Emsal Mahkeme Kararı Antalya 3. Asliye Ticaret Mahkemesi 2018/449 E. 2018/520 K. 06.07.2018 T.

Görüntülediğiniz mahkeme kararı kesinleşmiş bir karardır.

T.C.
ANTALYA
3. ASLİYE TİCARET MAHKEMESİ

ESAS NO : 2018/449 Esas
KARAR NO : 2018/520
DAVA : Menfi Tespit
DAVA TARİHİ : 05/07/2018
KARAR TARİHİ : 06/07/2018

Mahkememizde görülmekte olan Menfi Tespit davasının yapılan açık yargılamasının sonunda,
GEREĞİ DÜŞÜNÜLDÜ:
Davacı vekili mahkememize vermiş olduğu dava dilekçesinde özetle; davalı şirketin alacaklı, dava dışı …ŞİRKETİ’nin borçlu olduğu … İcra Müdürlüğü …/… Esas sayılı icra takibinin derdest olduğunu üçüncü haciz ihbarnamesinde yazan hususlar çerçevesinde öğrendiklerini, davalı şirket tarafından gönderilen 3. Haciz ihbarnamesinin … tarihinde müvekkili şirkete tebliğ edildiğini, davalı takip alacaklısının, müvekkili dava dışı icra takip dosyası borçlusunun, müvekkil şirkette hiçbir surette bulunmayan hak ve alacakların icra veznesine ödenmesi için İİK 89/1 uyarınca birinci haciz ihbarnamesi gönderdiğini, süresinde itiraz edilmemesi üzerine ikinci haciz ihbarnamesi gönderildiğini, bu ihbarnameye de itirazda bulunulmaması üzerine üçüncü haciz ihbarnamesi gönderildiğini, müvekkili şirketin dava dışı takip borçlusu …ŞİRKETİ’NE hiçbir borcu bulunmadığı gibi, müvekkili şirketin yedinde takip borçlusuna ait bir mal veya alacak da bulunmadığını, bununla birlikte müvekkili şirketin bugüne kadar ne takip borçlusuyla ne de takip alacaklısıyla herhangi bir ticari bağı, faaliyeti veya tanışıklığı bulunmadığını, bu hususun mahkemeye sunulacak ilgili resmi kayıt ve defterlerden de anlaşılacağını, birinci ve ikinci haciz ihbarnamelerine müvekkili şirketin daha önceki yetkilisine tebliğ edildiğini ve ihbarnamelerin takibi ihmal sebebi ile takip edilemediğinden itiraz edilemediğini, bu sebeplerle müvekkili şirketin takip borçlusuna hiçbir borcu bulunmadığının tespiti için, İİK 89/3 uyarınca iş bu menfi tespit davasını açma zorunluluğunun hasıl olduğunu belirterek, müvekkilinin dava dışı takip borçlusu şirkete borçlu bulunmadığının tespitine karar verilmesini talep ve dava etmiştir.
Dava; İİK 89. Maddesi uyarınca açılan menfi tespit davasıdır.
Ticaret Mahkemelerinin iş sahası ve hangi davalara bakacağı 01/07/2012 tarihinde yürürlüğe giren, 6102 sayılı TTK’nın 5. Maddesinde belirtilmiş olup, 4 . Madde de hangi davaların ticari dava sayılacağı düzenlenmiştir.

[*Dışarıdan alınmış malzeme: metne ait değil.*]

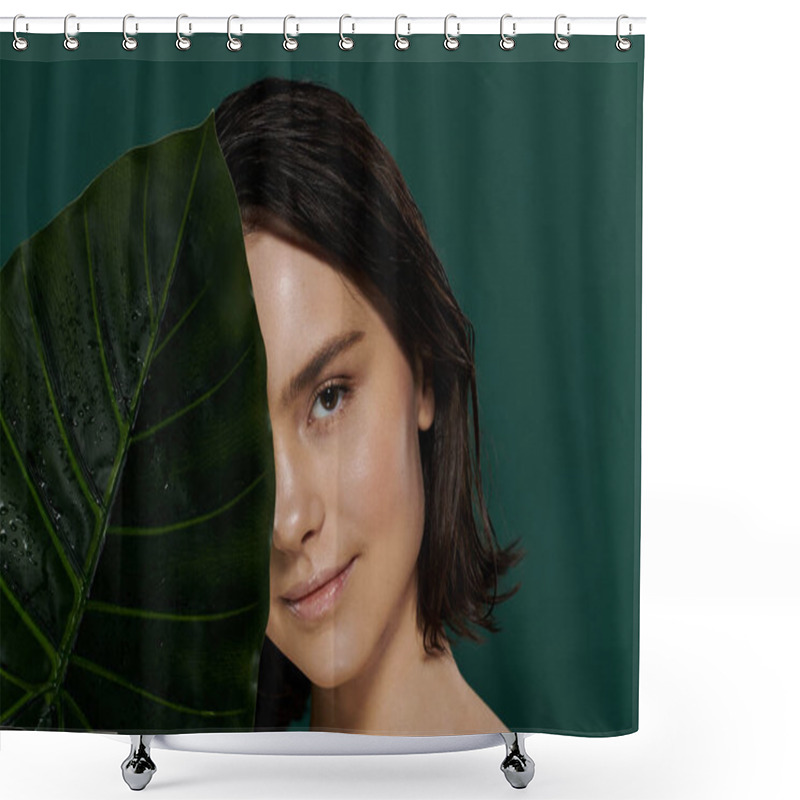 Personality  Woman With Short Dark Hair Behind A Green Leaf Glows Serenely At The Camera. Shower Curtains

Buna göre; her iki tarafın da ticari işletmesi ile ilgili hususlardan doğan hukuk davaları ve çekişmesiz yargı işleri ile tarafların tacir olup olmadıklarına bakılmaksızın madde de belirtilen nedenlerden doğan davaların ticari dava sayıldığı açıklanmıştır. Kanunda sayılan bu davalara mutlak ticari dava denilir. Mutlak ticari davaların yanında nispi ticari davalarda mevcuttur. Bir davanın nispi ticari dava sayılabilmesi için, her iki tarafın tacir olması ve her iki tarafın ticari işletmesine uyuşmazlığın kaynaklanıyor olması, bu iki unsurun birlikte bulunması gerekmektedir.

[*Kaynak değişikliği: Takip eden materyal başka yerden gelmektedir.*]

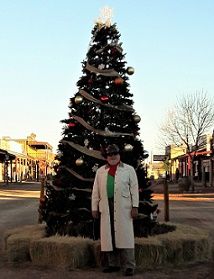 a man standing next to a christmas tree in the middle of a street with other buildings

6102 sayılı TTK’da değişikli yapan ve 01/07/2012 tarihi itibariyle yürürlüğe giren 6335 sayılı kanunun 2.maddesiyle, 6102 sayılı TTK’nın 5.maddesinin 3.fıkrası değiştirilmiş ve Asliye Ticaret Mahkemesiyle Asliye Hukuk Mahkemesi ve diğer hukuk mahkemeleri arasındaki ilişki görev ilişkisi olarak düzenlenmiştir.

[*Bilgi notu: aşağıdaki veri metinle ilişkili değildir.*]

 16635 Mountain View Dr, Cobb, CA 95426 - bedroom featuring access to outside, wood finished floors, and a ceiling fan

Tüm bu açıklanan nedenlerle; davanın İİK 89/1 maddesi uyarınca açılan menfi tespit davası olup, (hamiline ait olmayan veya cirosu kabil bir senetle müstenit bulunmayan alacak veya sair bir talep hakkı veya borçlunun üçüncü şahıs elindeki taşınır bir malı haczedilirse icra memuru; borçlu olan hakiki veya hükmi şahsa bundan böyle borcunu ancak icra dairesine ödeyebileceğini ve takip borçlusuna yapılan ödemenin muteber olmadığını veya malı elinde bulunduran üçüncü şahsa bundan böyle taşınır malı ancak icra dairesine teslim edebileceğini, malı takip borçlusuna vermemesini, aksi takdirde malın bedelini icra dairesine ödemek zorunda kalacağını bildirir (Haciz ihbarnamesi).Bu haciz ihbarnamesinde, ayrıca 2,3 ve 4 üncü fıkra hükümleri de üçüncü şahsa bildirilir.hükmüne göre kanunda anılan 3 şahıslar kimleri kapsar.) davanın ticari dava olarak nitelendirilemeyeceği, davanın İİK’dan kaynaklanıyor oluşu, taraflar arasında doğrudan bir ticari ilişkinin olmayışı gözetilerek, görev ile ilgili düzenlemenin kamu düzenine ilişkin olup, taraflarca ileri sürülmese bile yargılamanın her aşamasında resen gözetileceği göz önüne alındığında ve HMK 114 maddesi uyarınca görev hususunun dava şartı niteliğinde oluşu gözetilerek mahkememizin davaya bakmakla görevli olmadığı, Antalya Nöbetçi Asliye Hukuk Mahkemesinin görevli olduğu sonuç ve kanaatine varılmakla aşağıdaki hüküm kurulmuştur.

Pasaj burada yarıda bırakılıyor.